The Youngcast Project: A Tandem Exchange
The demands of the technologically globalised context we are immersed in, where the constant technological innovations have undermined not only the political and economic structures of society but also the social and the educational structures of the classroom, makes ‘the youngcast project’ particularly relevant. Designed by iEARN coordinators in Catalonia (iEARN-Pangea) and the United Kingdom (iEARN-UK), it has already been implemented during the academic years 2008 to 2011 in some UK and Spanish classrooms.
During the academic year 2011 – 2012, schools from other countries (Switzerland, Scotland, USA, and Slovenia) have joined the project, and teachers and students from more than twenty schools have participated in most of the activities suggested. These have included the creation of videopodcasts and the participation of the different classrooms in what Yanguas (2010) has called 'Oral Synchronous Computer-Mediated Communication' (OSCMC) exchanges.

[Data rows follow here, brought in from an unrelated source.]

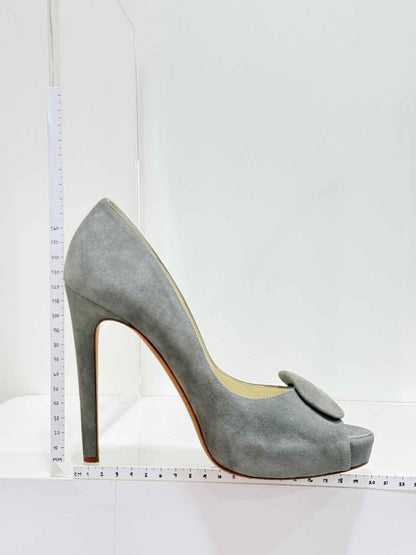 Pre - loved RUPERT SANDERSON Grey Open toe at Reems Closet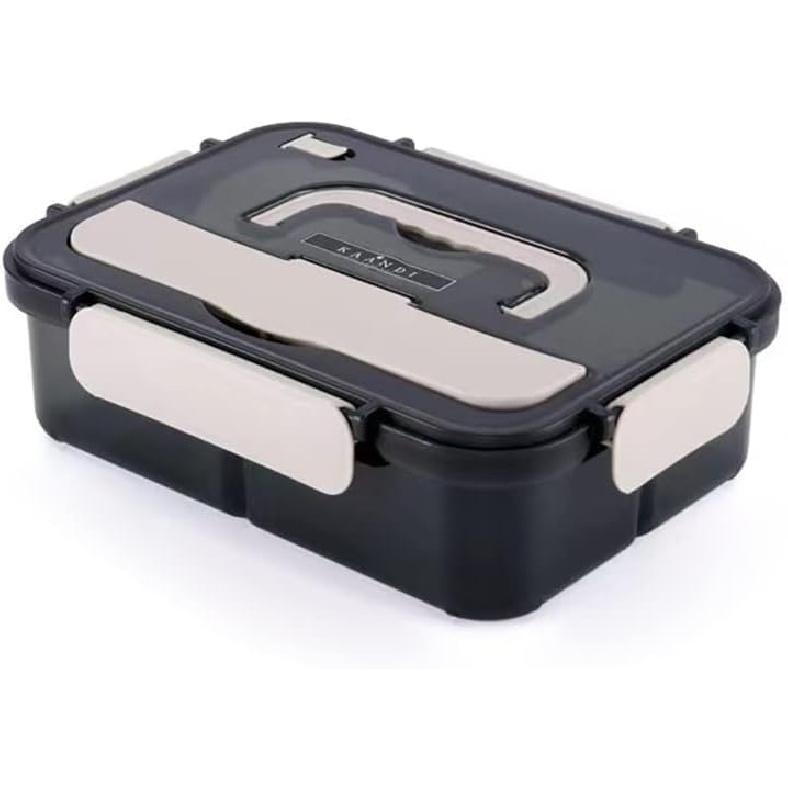 

Раздельный ланч-бокс бенто, Ланч-бокс бенто с ложкой и вилкой, Ланч-бокс бенто для взрослых, Ланч-бокс с подогревом, Подходит для посудомоечной машины/микроволновой печи, Ланч-бокс из пищевого материала(белый) белый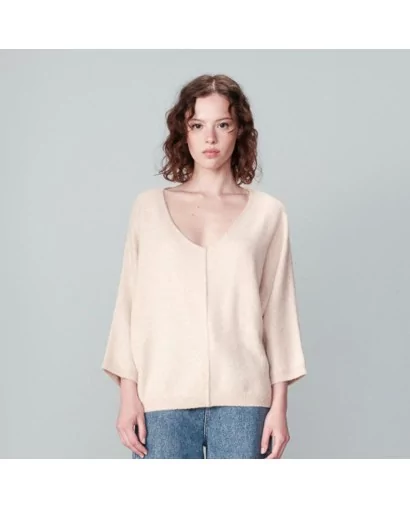 Pull beige col V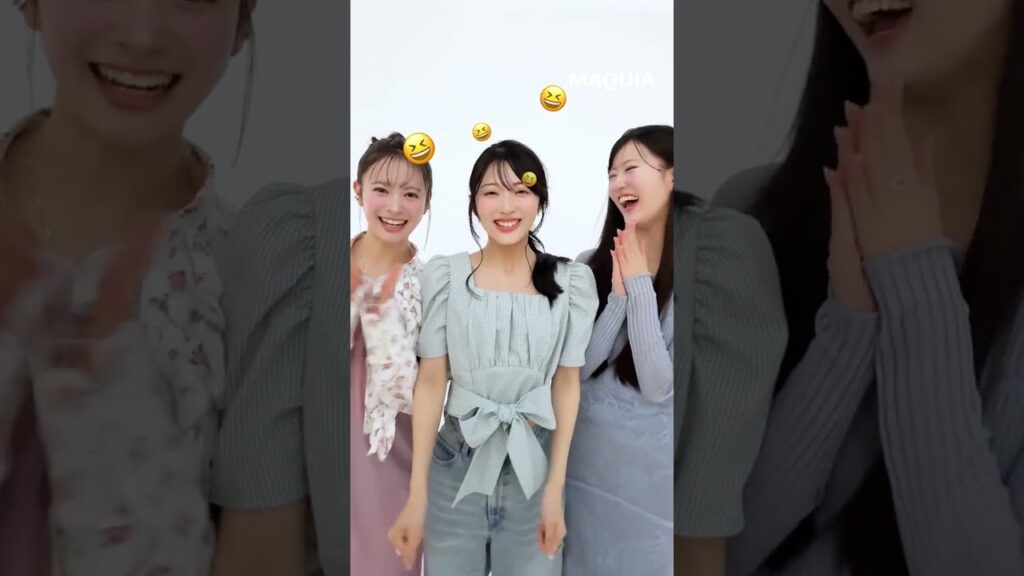 AKB48の「星月花」トリオがマキア8月号に登場🌟🌙🌸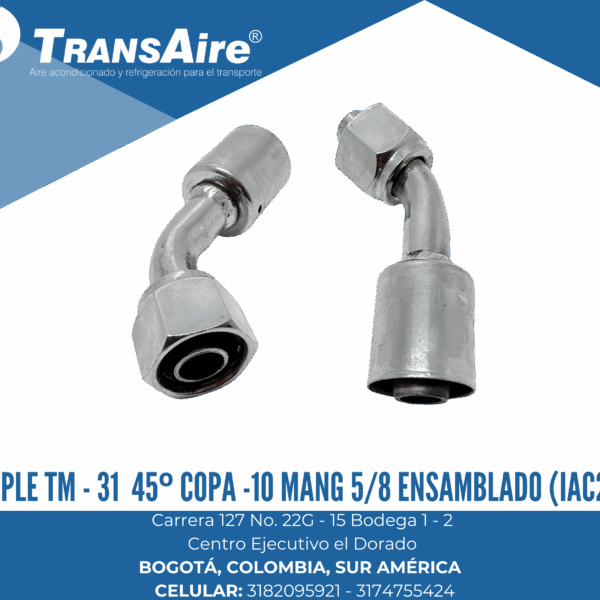Acople TM - 31  45º COPA -10 MANG 5/8 ENSAMBLADO (IAC230)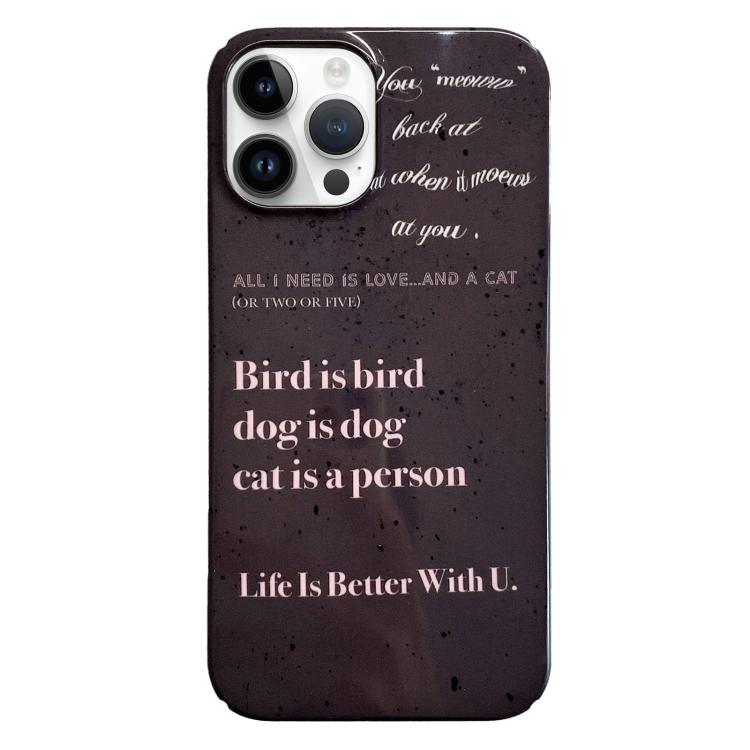 Ốp lưng điện thoại PC họa tiết vẽ, dành cho iPhone 16 Pro Max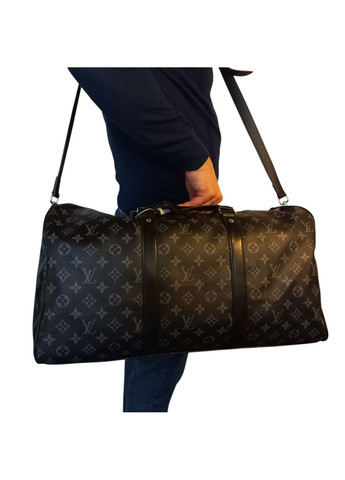 Сумка дорожня, унісекс, чорна Louis Vuitton (319480169)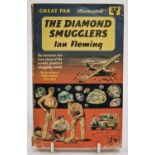 Pan Illustrated 1st edition 1957 this edition 1960 Ian Fleming "Diamond Smugglers"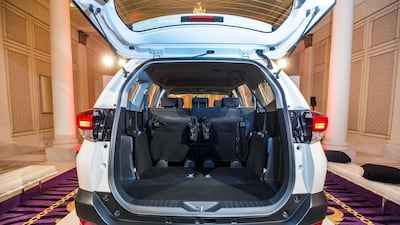 It has seven seats, like its big brother the Land Cruiser. Leslie Pableo for The National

The different online activities scheduled throughout the project take the form of an online tandem partnership between English and Spanish SL students. Tandem learning is a form of open learning in which two people or groups with different family languages work together in order to learn one another’s language (Little, et al., 1999). Previous studies reporting similar tandem exchanges have for the most part portrayed positive outcomes on learners’ acquisition of second languages (Stockwell, 2003; Torii-Williams, 2004; Vinagre, 2005; in Edasawa & Kabata, 2007). One of the peculiarities for future versions of the project is that English will be much more widely distributed in accordance with the new societal texture we are immersed in what Graddol (2006) has referred to as “the period of Global English” (p. 84). Participants in the tandem exchanges will be exposed to fluent English as Foreign Language (EFL) students from countries such as Switzerland or Slovenia who are also learning Spanish as a foreign language.